### DATA EXTRACT

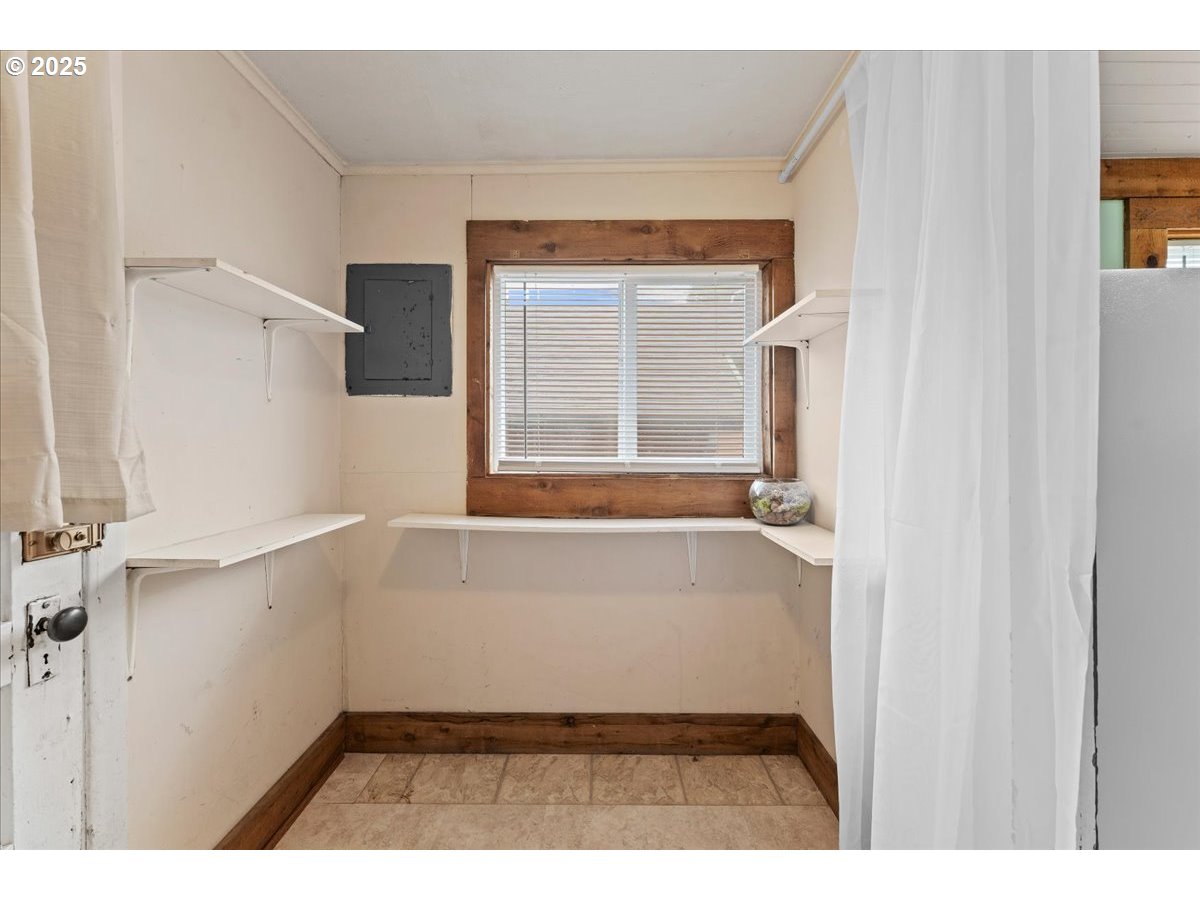 830 Oceanway Street Seaside, OR 97138 - Photo 18 of 35 a bathroom with a window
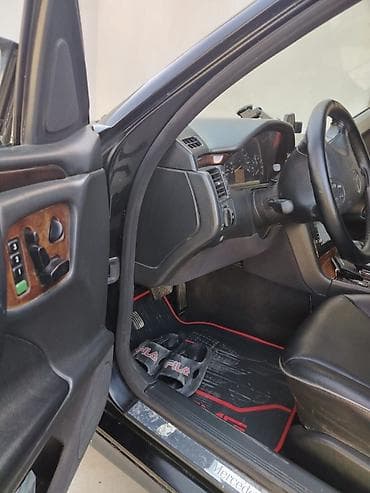 mercedes 190: Mercedes-Benz E-Class: 3.2 l | 2002 il Sedan — 6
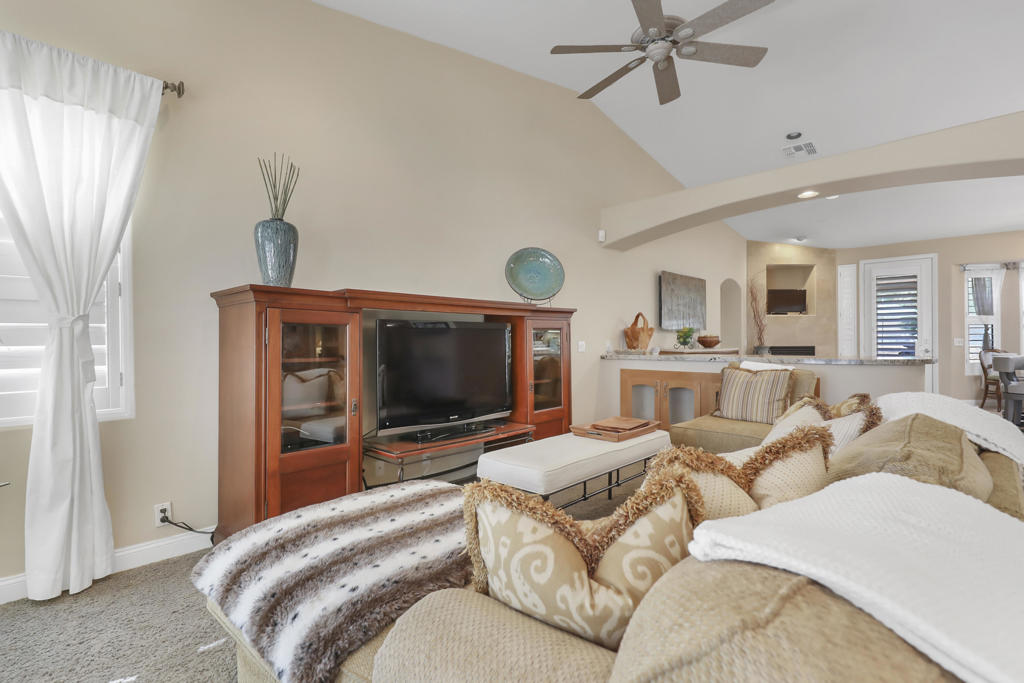 MLS #219136122DA image #9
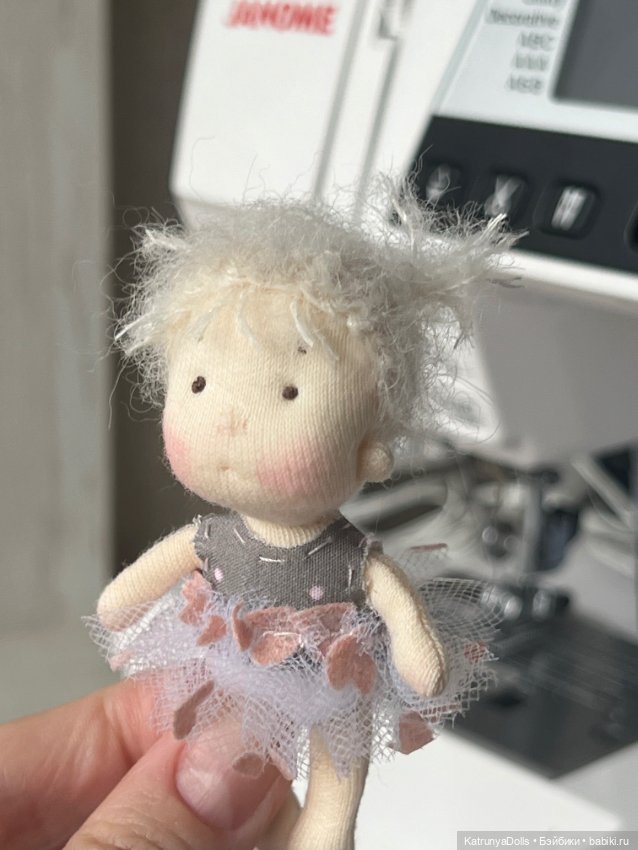 Маленькая звёздочка (текстильная куколка 8 см)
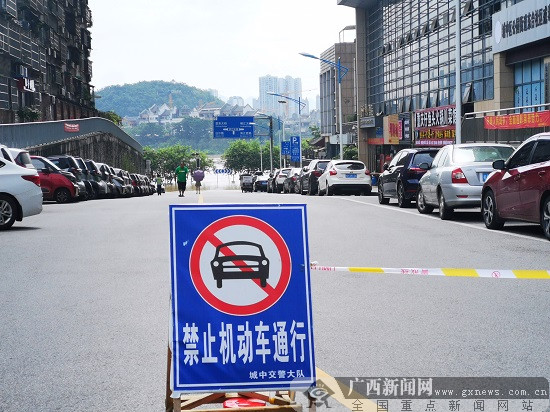 柳州洪峰过境 百姓生活如常街道秩序井然（图）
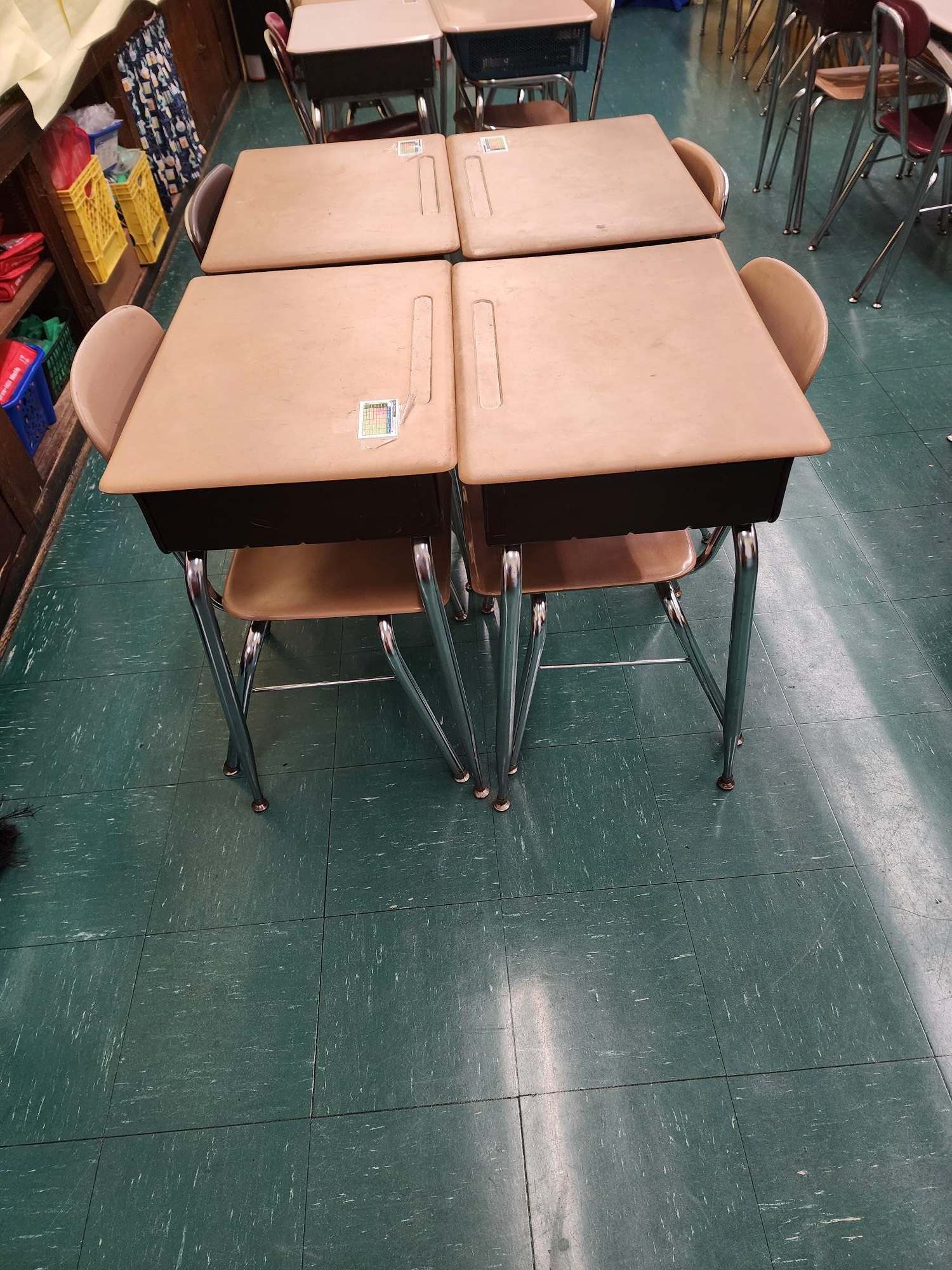 Picture of student desks and chairs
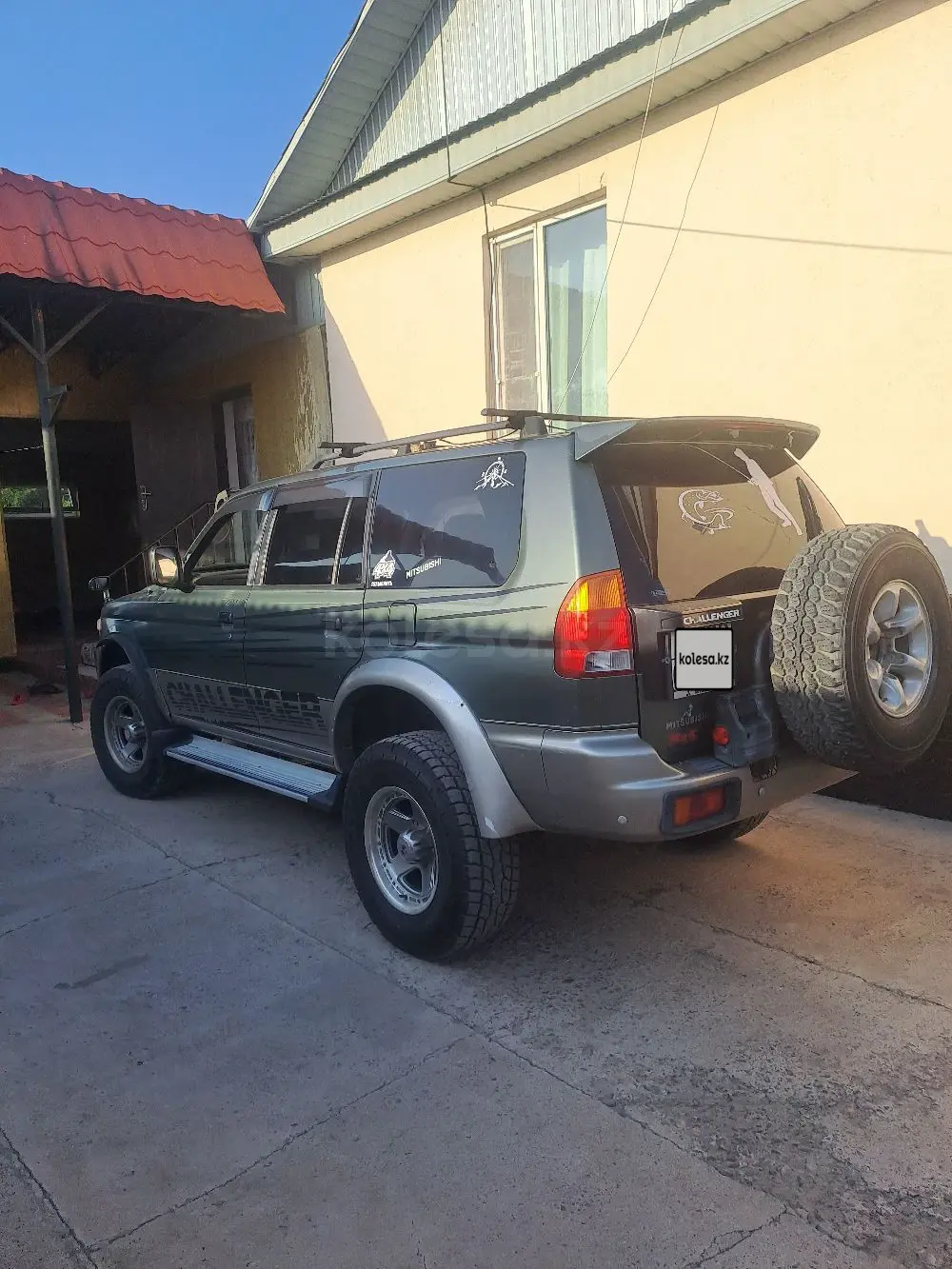 Mitsubishi Challenger, 1998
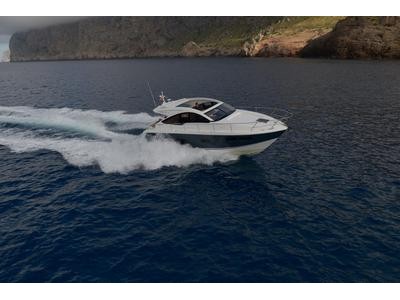 Fairline 48 Open Exterior (img-7)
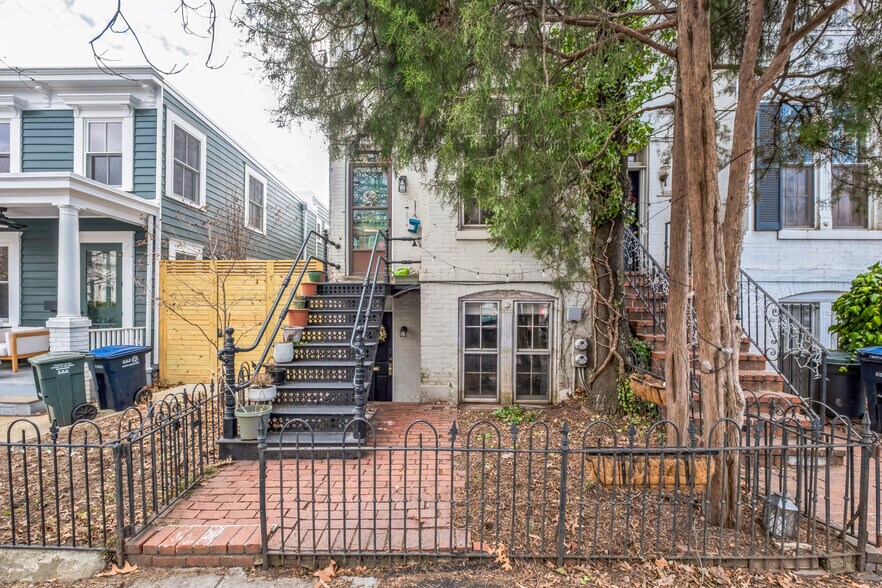 Building Photo - 605 E St SE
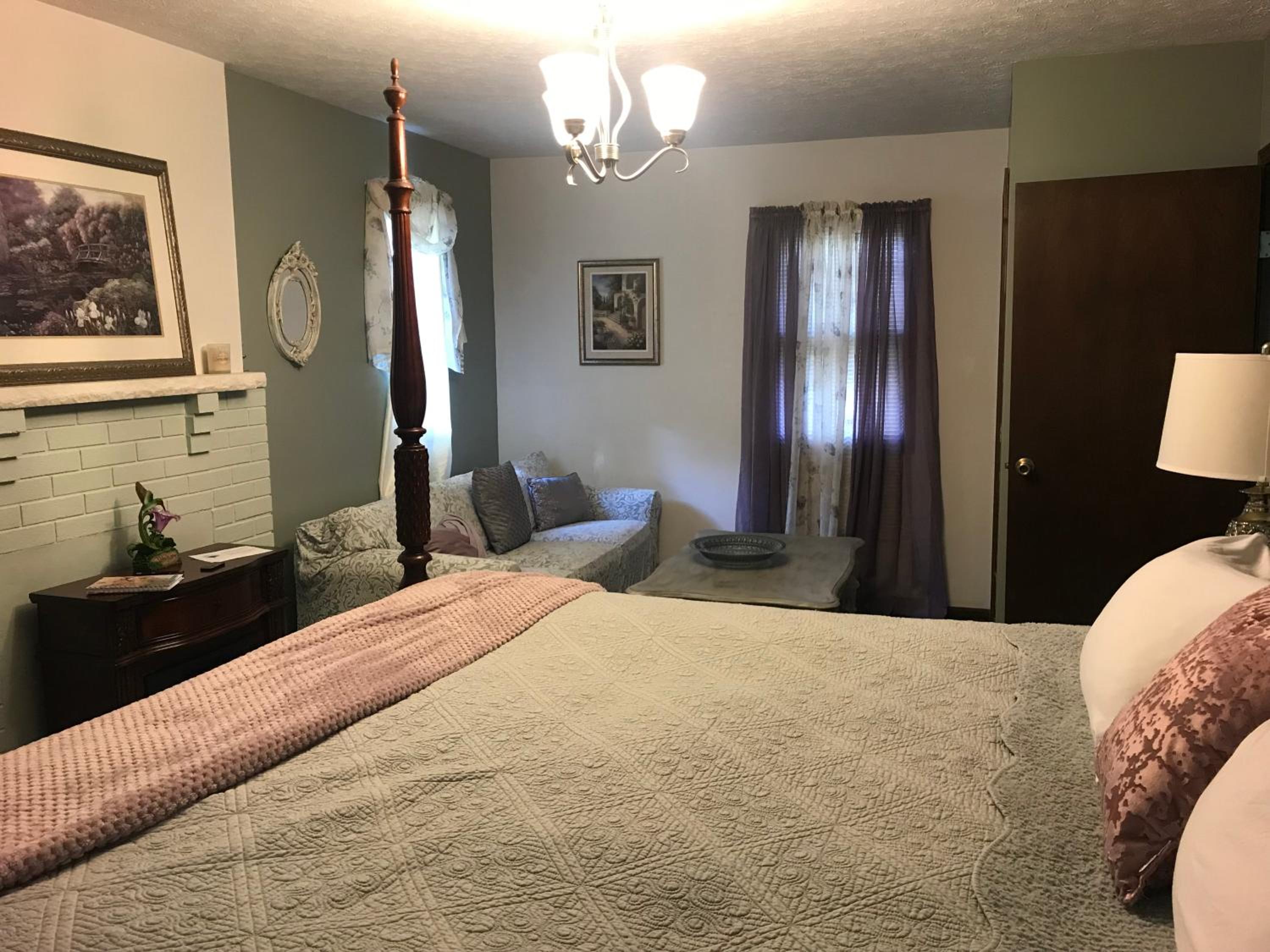 Quadruple Room - Photo 3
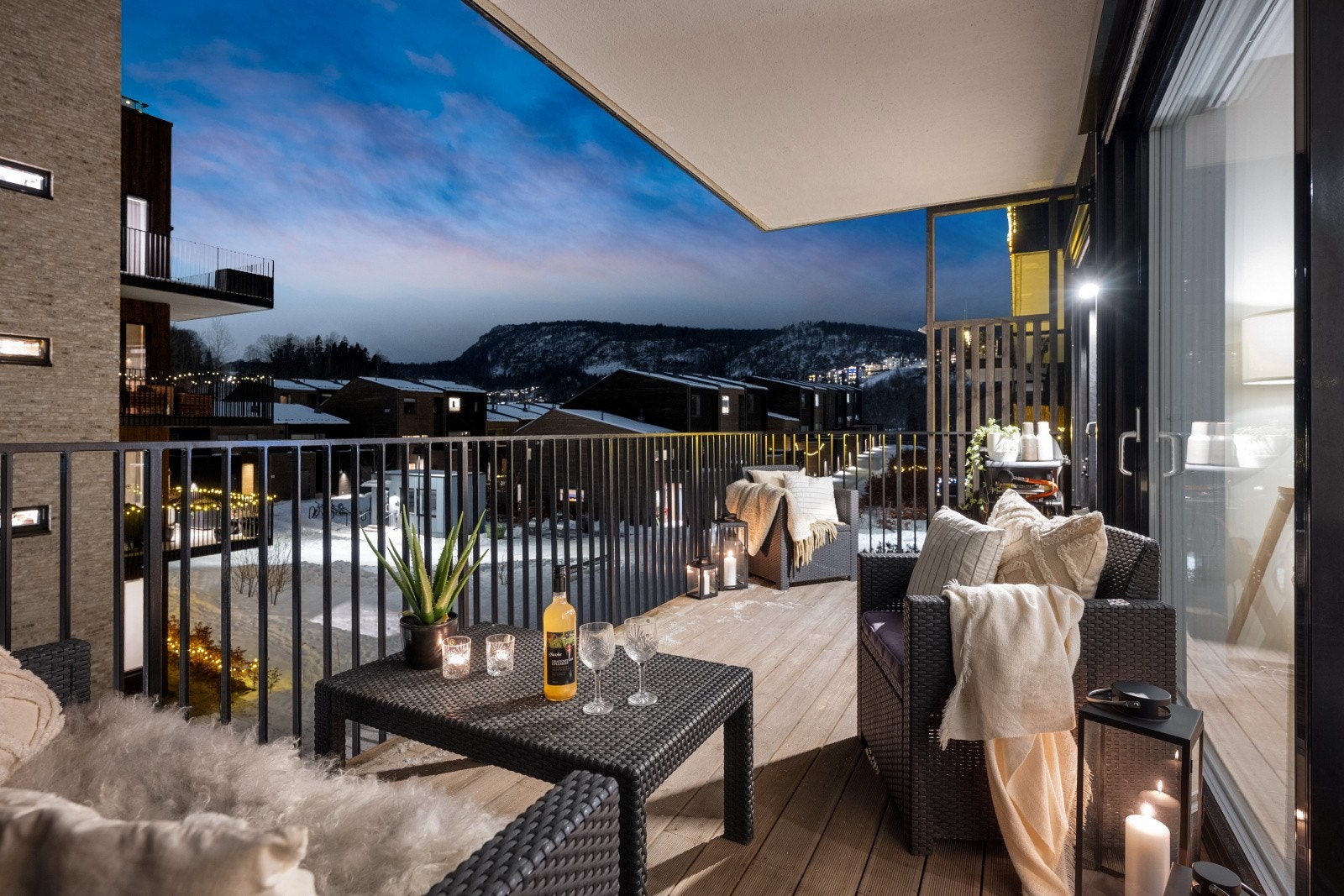 Balkongen ligger sydvestvendt som gir deg gode solforhold. Galleribilde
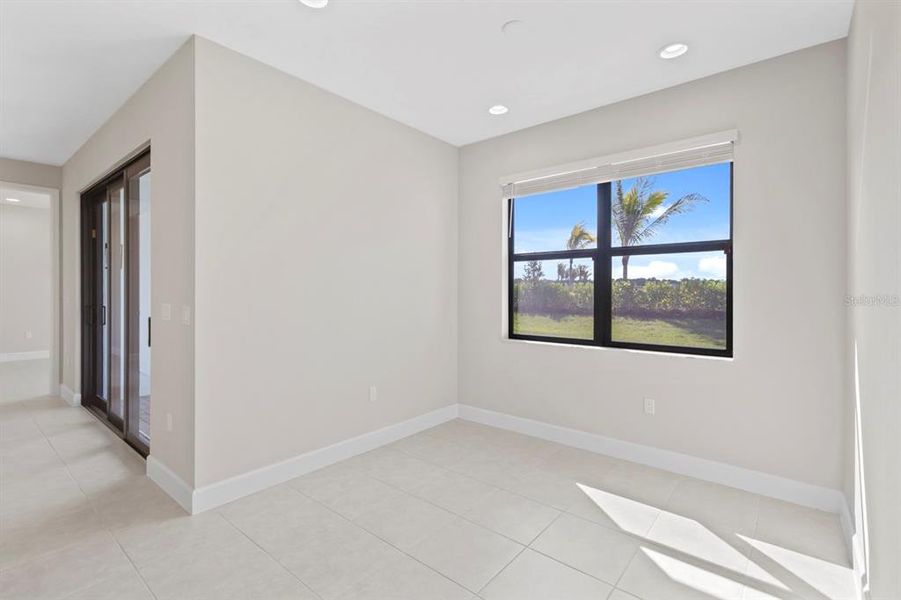 Spacious, unfurnished interior of a new home in , Fort Myers (Image 17).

######

WHAT IS NEEDED
From the first line to the last, repeat the records exactly and skip the pictures.

PROBLEM SOLUTION
 830 Oceanway Street Seaside, OR 97138 - Photo 18 of 35 a bathroom with a window
 mercedes 190: Mercedes-Benz E-Class: 3.2 l | 2002 il Sedan — 6
 MLS #219136122DA image #9
 Маленькая звёздочка (текстильная куколка 8 см)
 柳州洪峰过境 百姓生活如常街道秩序井然（图）
 Picture of student desks and chairs
 Mitsubishi Challenger, 1998
 Fairline 48 Open Exterior (img-7)
 Building Photo - 605 E St SE
 Quadruple Room - Photo 3
 Balkongen ligger sydvestvendt som gir deg gode solforhold. Galleribilde
 Spacious, unfurnished interior of a new home in , Fort Myers (Image 17).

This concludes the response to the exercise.